In Embodiment 1, one of the plurality of operation parameters is electric power that is inputted to the compressor 12 or an electrical current that is applied to the compressor 12. This allows the deterioration estimation unit 81 to accurately estimate the degree of deterioration of the compressor 12.

In Embodiment 1, the air-conditioning apparatus 101 further includes a remote controller 5 configured to remotely control the air-conditioning apparatus 101. In a case in which the air-conditioning apparatus 101 is operating in accordance with the content of control constructed by the control construction unit 83, the remote controller 5 displays, on a screen, at least one of information indicating that the content of control is being executed, information indicating the content of control, and the lifetime. This allows a user of the air-conditioning apparatus 101 to grasp, for example, that the air-conditioning apparatus 101 is advanced in deterioration, that the air-conditioning apparatus 101 is executing a process for delaying the progression of the deterioration, or a content of the process. This allows the user to clearly grasp the state of the air-conditioning apparatus 101 and recognize the timing of contact with a maintenance worker, thus bringing about improvement in convenience.

In Embodiment 1, the air-conditioning system 100 includes the storage unit 80, the deterioration estimation unit 81, the lifetime calculation unit 82, and the control construction unit 83 in a server 9 on a network 2 and includes the air-conditioning control unit 84 in the air-conditioning apparatus 101. The air-conditioning apparatus 101 includes an air-conditioning communication unit configured to communicate with the server 9. The air-conditioning communication unit receives, from the server 9, a control signal representing the content of control constructed by the control construction unit 83. This allows the air-conditioning system 100 to reduce the amount of processing of the air-conditioning apparatus 101, continue operation of the air-conditioning apparatus 101, and extend the life of the air-conditioning apparatus 101.

In Embodiment 1, the air-conditioning communication unit communicates with a terminal 7 having a communication function. In a case in which the air-conditioning apparatus 101 is operating in accordance with the content of control constructed by the control construction unit 83, the air-conditioning control unit 84 controls the air-conditioning communication unit so that the air-conditioning communication unit sends, to the terminal 7, a command signal that gives an instruction to display, on a screen, at least one of information indicating that the content of control is being executed, information indicating the content of control, and the lifetime. This allows the air-conditioning system 100 to, in a case in which a user of the terminal 7 is a maintenance worker, notify the maintenance worker, for example, that the air-conditioning apparatus 101 needs maintenance or a period in which maintenance is needed. This allows the maintenance worker to quickly perform maintenance before a failure in the air-conditioning apparatus 101 and maintain the user's comfort. In a case in which a user of the terminal 7 is a user of the air-conditioning apparatus, the air-conditioning system 100 can notify the user, for example, that the air-conditioning apparatus 101 is advanced in deterioration, that the air-conditioning apparatus 101 is executing a process for delaying the progression of the deterioration, or of a content of the process. This allows the user to clearly grasp the state of the air-conditioning apparatus 101 and recognize the timing of contact with a maintenance worker, thus bringing about improvement in convenience.

Embodiment 2

In Embodiment 1 described above, the storage unit 80, the deterioration estimation unit 81, the lifetime calculation unit 82, and the control construction unit 83 are included in the server 9, and the air-conditioning control unit 84 is included in the remote controller 5. In Embodiment 2, the storage unit 80 is included in the server 9, and the deterioration estimation unit 81, the lifetime calculation unit 82, the control construction unit 83, and the air-conditioning control unit 84 are included in the remote controller 5. The following describes an air-conditioning system 100 according to Embodiment 2.

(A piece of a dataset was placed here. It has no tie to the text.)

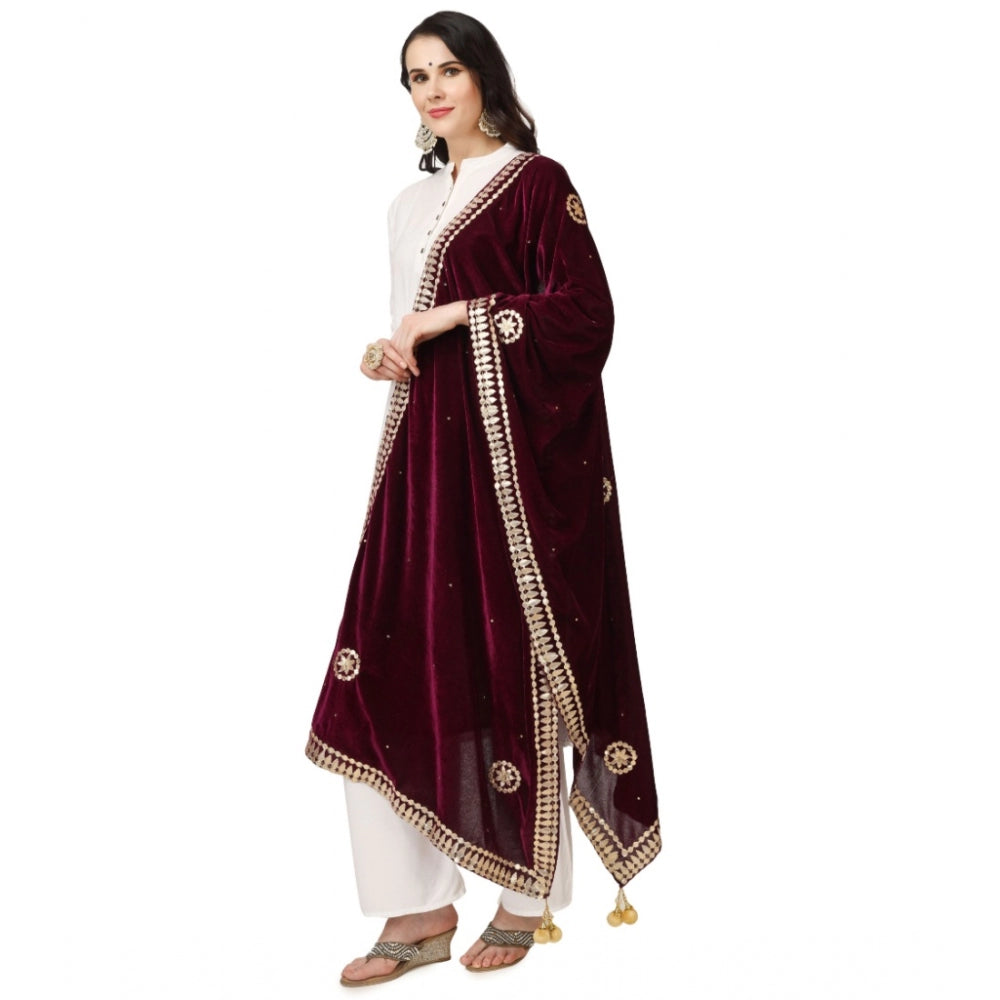 Clasymist Women's Velvet Gotta Patti Dupatta (Purple, Length: 2.25 to 2.50 Mtr)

An example configuration of the air-conditioning system 100 according to Embodiment 2 is shown by FIG. 1 as in the case of Embodiment 1, and an example configuration of an air-conditioning apparatus 101 according to Embodiment 2 is shown by FIG. 2 as in the case of Embodiment 1. Further, the functions of the air-conditioning apparatus 101 according to Embodiment 2 are illustrated by FIG. 3 as in the case of Embodiment 1. In the following, components that are similar to those of Embodiment 1 and functional blocks that are similar to those of Embodiment 1 are given signs that are similar to those of Embodiment 1. Further, contents that are similar to those of Embodiment 1 are not described unless the circumstances are exceptional.

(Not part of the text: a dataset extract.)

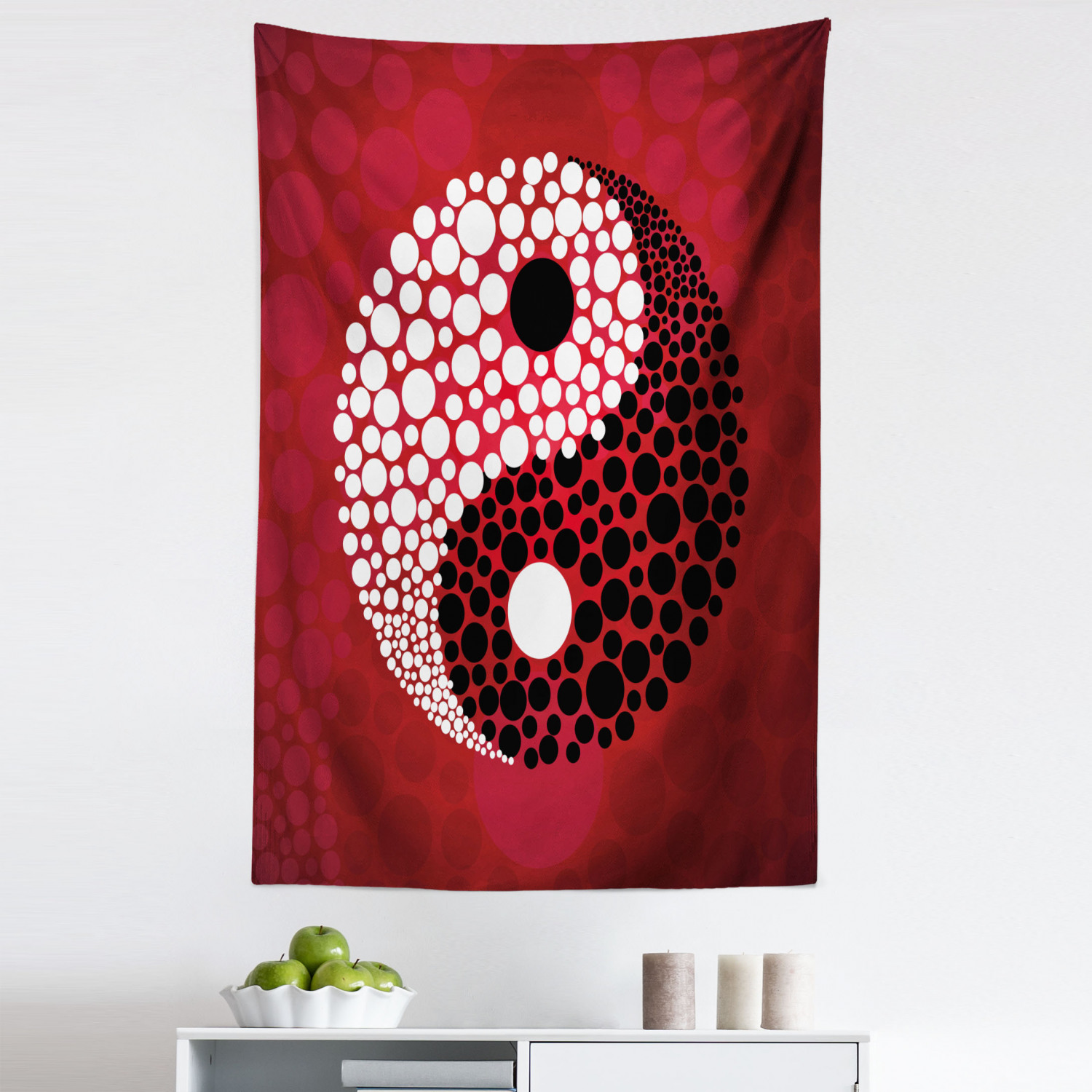 Ying Yang Tapestry, Abstract Graphic Design Yin Yang Circle Black and ...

FIG. 9 is a block diagram schematically illustrating a configuration of an air-conditioning system according to Embodiment 2 in detail. Embodiment 2 assumes that the storage unit 80 is included in the server 9 and that the deterioration estimation unit 81, the lifetime calculation unit 82, the control construction unit 83, and the air-conditioning control unit 84 are included in the remote controller 5. In FIG. 9, a dashed arrow indicates where a component that it indicates is included, and the component is included in a position that the dashed arrow points toward.

All or some of the deterioration estimation unit 81, the lifetime calculation unit 82, the control construction unit 83, and the air-conditioning control unit 84 may be included in the remote-side control device 52. The deterioration estimation unit 81 receives, from the indoor unit 3 via the remote control communication unit 50, the values of a plurality of operation parameters sensed by the plurality of air-conditioning sensors in the outdoor unit 1 and the indoor unit 3. It should be noted that the deterioration estimation unit 81 may receive, from the outdoor unit 1, the values of a plurality of operation parameters sensed by the plurality of air-conditioning sensors in the outdoor unit 1 and receive, from the indoor unit 3, the values of a plurality of operation parameters sensed by the plurality of air-conditioning sensors in the indoor unit 3.

The deterioration estimation unit 81 controls the remote-side air-conditioning communication unit 51 so that the remote-side air-conditioning communication unit 51 sends, to the server 9, a first request signal that requests a plurality of contrast parameters indicating the operating status of a contrast air-conditioning apparatus. The first request signal contains at least one of the values of the capacity and environment parameters of the air-conditioning apparatus 101. In response to the first request signal, the server 9 refers to the storage unit 80 and extracts the values of the plurality of contrast parameters indicating the operating status of the contrast air-conditioning apparatus. Then, the server 9 sends, to the remote controller 5 via the server communication unit 90, the values of the plurality contrast parameters thus extracted of the contrast air-conditioning apparatus.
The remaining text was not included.